## DATA FOR THIS TASK
----
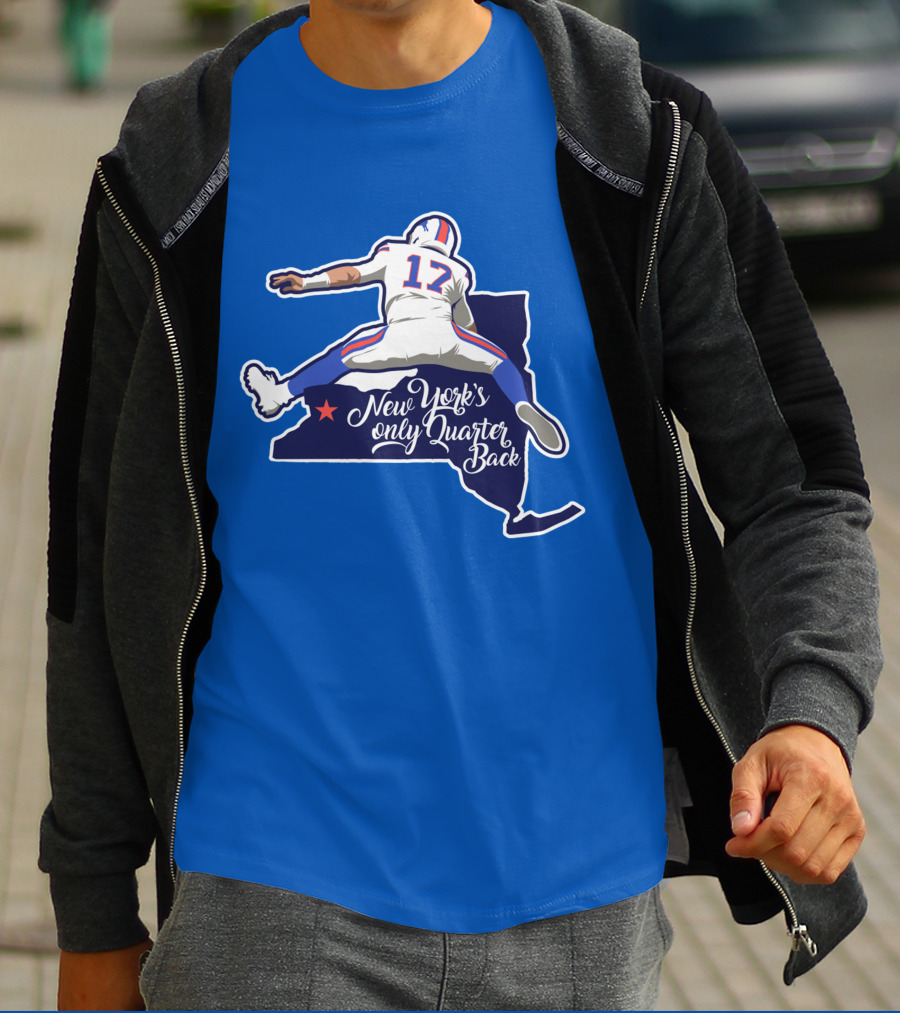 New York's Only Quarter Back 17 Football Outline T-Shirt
----
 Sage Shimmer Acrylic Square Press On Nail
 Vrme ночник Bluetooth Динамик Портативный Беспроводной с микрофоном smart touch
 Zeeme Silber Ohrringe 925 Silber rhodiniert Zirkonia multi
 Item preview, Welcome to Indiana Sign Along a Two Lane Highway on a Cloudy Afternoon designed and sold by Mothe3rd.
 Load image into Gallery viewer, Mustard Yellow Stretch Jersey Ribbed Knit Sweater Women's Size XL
----
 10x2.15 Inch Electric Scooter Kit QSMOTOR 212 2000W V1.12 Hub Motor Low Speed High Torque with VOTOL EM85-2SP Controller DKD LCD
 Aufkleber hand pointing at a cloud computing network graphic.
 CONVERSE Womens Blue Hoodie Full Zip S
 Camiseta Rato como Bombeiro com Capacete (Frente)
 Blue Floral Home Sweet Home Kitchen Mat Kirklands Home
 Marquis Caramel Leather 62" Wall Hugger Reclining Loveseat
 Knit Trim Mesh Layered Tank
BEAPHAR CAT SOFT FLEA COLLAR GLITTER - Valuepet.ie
----
## YOUR OBJECTIVE
Could you copy each line of the material that holds "Knit"?

## WRITTEN SOLUTION
 Load image into Gallery viewer, Mustard Yellow Stretch Jersey Ribbed Knit Sweater Women's Size XL
 Knit Trim Mesh Layered Tank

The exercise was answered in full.